As human beings, we are rather good at detecting relationships and rather poor at estimating absolutes. There are plenty of optical illusions that play on how you perceive size, brightness, and color based on surroundings. The author of Mindless Eating found that people eat more snacks if you offer them in two large bowls than in four medium bowls. Not only do people take more, but they do not notice that they have taken more, nor do they feel like they have eaten more, nor are they more satisfied.
Does “a good deal” even have an objective meaning? Probably not, but you can tell when one offer is better than another. Presentation and context still matter here. City of Heroes got good press for engaging in microtransactions: it was presented as an extra employee (not taking away from the existing staff), and the profits were linked directly to hiring more staff and getting more stuff in the next update. Players liked having the opportunity to pay more. Blizzard, on the other hand, got immediate flak for planning to sell Starcraft 2 in three pieces.
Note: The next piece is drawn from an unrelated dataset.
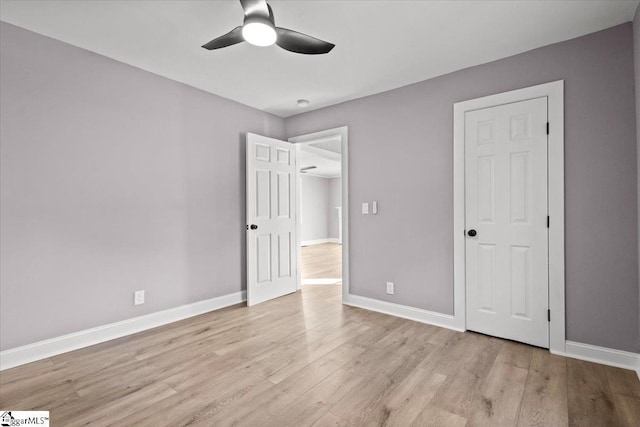 unfurnished bedroom featuring ceiling fan and light hardwood / wood-style flooring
The first impression was of trying to sell the same game three times or demanding $150 for the full set of units. Warhammer 40,000: Dawn of War, however, did more or less the same thing, and I did not see a backlash.
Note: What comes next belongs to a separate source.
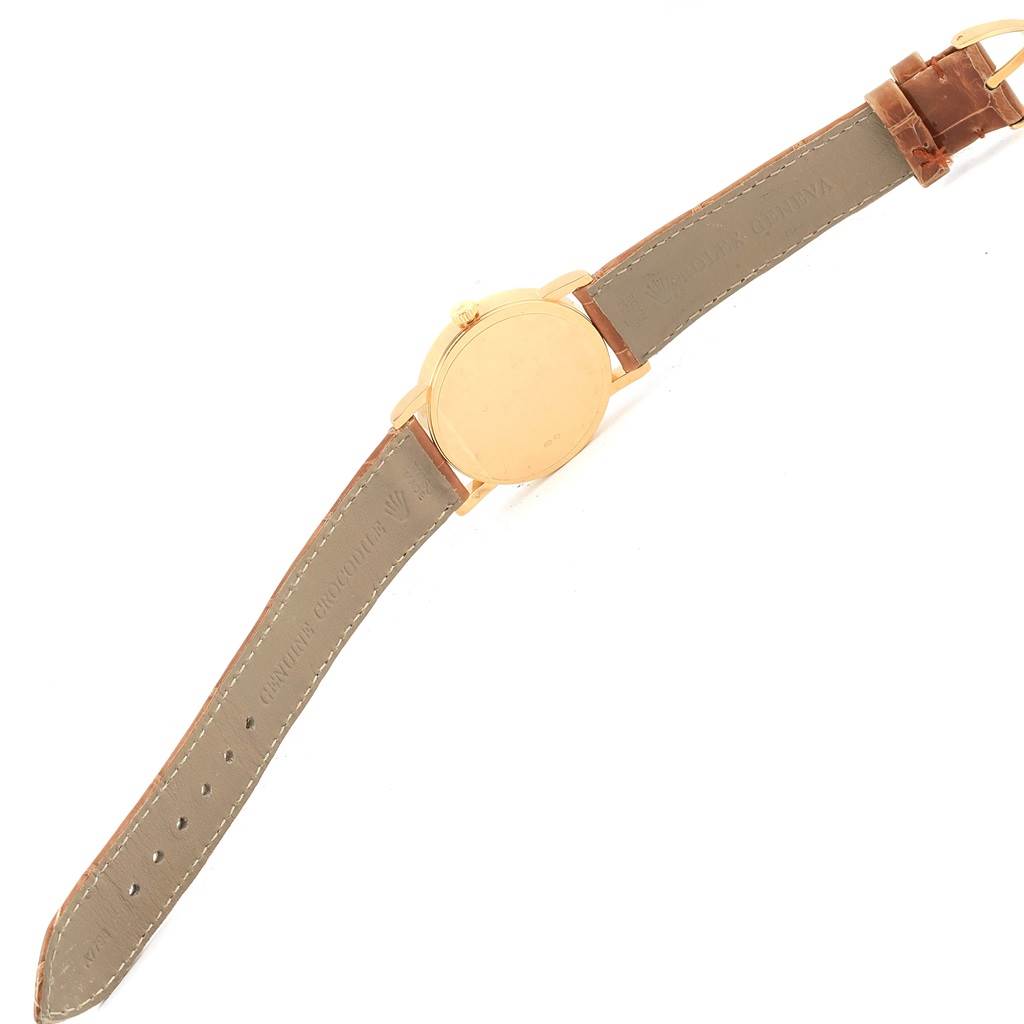 This image shows the back and leather strap of a Rolex Cellini 5115 Men's Yellow Gold Beige Dial 5115 Men's Yellow Gold Beige Dial watch at an angled view.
Note that this is more than cynical manipulation. You can improve the game experience this way. Indeed, that is the point of half the content: hide the fact that you are fighting the essentially the same monster by giving it a different model and slightly different stats. The people eating from smaller bowls felt no less full: they were satisfied with fewer calories. If I can make you happier just by presenting my game in a better way, I am adding value practically for free.
Most restaurants tried this with the size of their fries, drinks, and combos. One day, they were called, “large,” “mondo,” and “colossal.” Wow, a large is that cheap? And I ate the whole thing by myself, I must be full. Nothing was called a “small,” and there might have been a “medium” on the “value menu.” That was a poor manipulation that did not last, and everyone was irritated by trying to remember whether a “king” was bigger than a “biggie,” what they were called at this restaurant, and guessing what you would get if you ordered a medium or a large. I just got back from Burger King, where they changed their sizes to “small,” “medium,” and “large” (with a “value” size on the value menu). Holy crap, realism? This works on several levels. First, I suddenly like Burger King more because they made this change. It implies that they do not think I am an idiot. Second level? We are still conditioned to think of sizes the way every other restaurant lists them. When you order a Whopper combo, they ask if you want that in small, medium, or large. No one buys a small! You might not have ordered the colossal combo, but you order larges all the time. This is a great way to increase sales while manipulating people into thinking you have stopped manipulating them.